(Provided records):
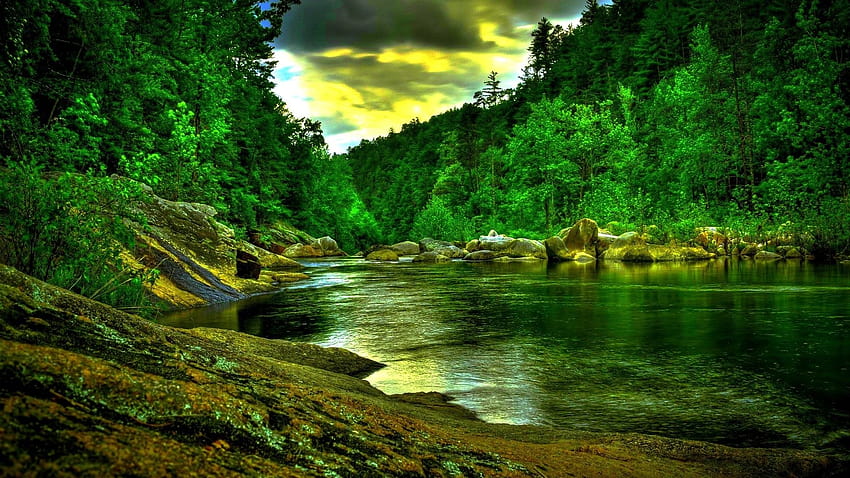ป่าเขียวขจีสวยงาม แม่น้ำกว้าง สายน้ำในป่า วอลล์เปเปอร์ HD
---
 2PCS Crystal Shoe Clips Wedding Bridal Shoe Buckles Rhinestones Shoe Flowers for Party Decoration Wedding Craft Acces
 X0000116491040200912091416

(Work item): When you reach the line in the material above that holds "2PCS Crystal Shoe", begin reproducing lines exactly, and stop after the line that holds "X0000116491040200912091416".

(Reply to the task):
 2PCS Crystal Shoe Clips Wedding Bridal Shoe Buckles Rhinestones Shoe Flowers for Party Decoration Wedding Craft Acces
 X0000116491040200912091416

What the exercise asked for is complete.